Download All 36 of Jan Vermeer’s Beautifully Rare Paintings (Most in Stunning High Resolution) (Open Culture) – Wonderful digital art collection!

The average price for a digital newspaper subscription: $3.11 a week (Nieman Lab) – How does that price sit with you? Too high? Too Low? Rather have surveys or ads?

Tech to re-energize your reading (The Next Web) Interesting tools to revitalize your digital reading.

Pro tip: How to wrap your headphones so they never tangle (The Verge) – Okay, solved that now…

An app for taking notes while you read? (Teleread) – This sounds like it could be great for assisting in writing book reviews.

No More Voicemail is an app that kills voicemail so callers have to text you instead (Techcrunch) – I guess some people really hate voicemail.

Arta Tech Closes Its eReader Store, Cuts Ties to Its Supplier (The Digital Reader) – This makes things interesting for folks who bought from a third-party seller (like Amazon).

Deals of the Day:

Amazon’s Kindle Daily Deals includes Killer Run (A Tourist Trap Mystery) by Lynn Cahoon for $1.99.

Amazon is also having a 99 romances for 99 cents sale.

The Barnes and Noble Nook Daily Find is The Walls Around Us by Nova Ren Suma  for $1.99. The Romance Daily Find is Landing by Emma Donoghue  for $2.99.

Kobo’s Daily Deal is Be Afraid (Morgans of Nashville, Book #2) by Mary Burton for $1.99.

iTunes’ Weekly Bestsellers Under $4 includes Leonard Maltin’s 151 Best Movies You Have Never Seen for $1.99.

(A note on Daily Deals: All prices current at the time of posting and subject to change.

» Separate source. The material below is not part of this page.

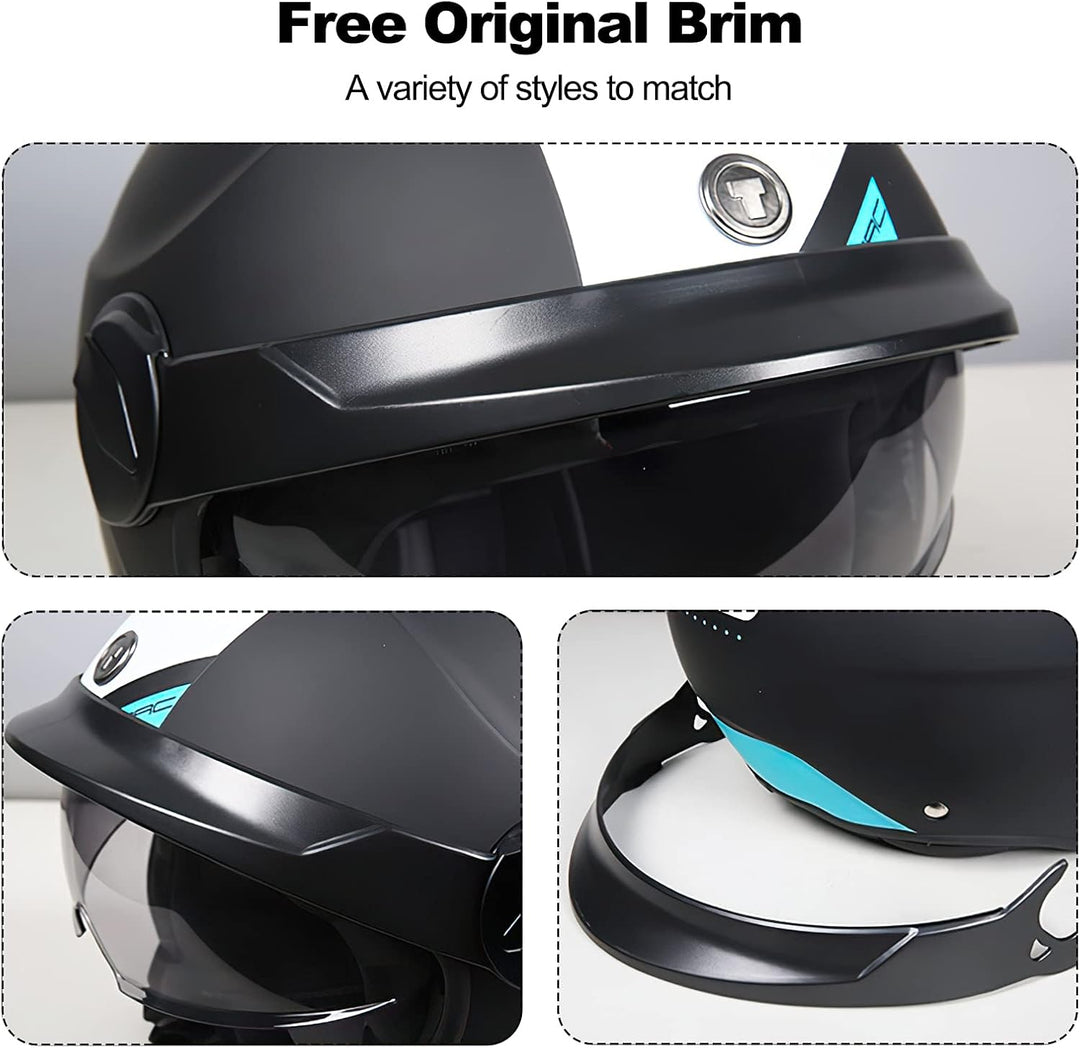 LIONCIANO Motorradhelm, ECE 22.06-zertifizierter halboffener Helm, offener Helm, Moto und Roller, Da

Most items marked Daily Deals are good for only the day posted.

Many large promotions have discount pricing that is set by the publisher. This usually means that titles can be found at a discount price across most platforms (with iTunes sometimes being the exception). If you have a favorite retailer you like to patronize, check the title on that website. There is a good chance that they will be matching the sale price.)


Daily Links are interesting links I discover as I go about my online day. The frequency and number of links posted depend upon the daily news. I also post other, different links of interest on Twitter and on the Google Plus eBook Evangelist Page.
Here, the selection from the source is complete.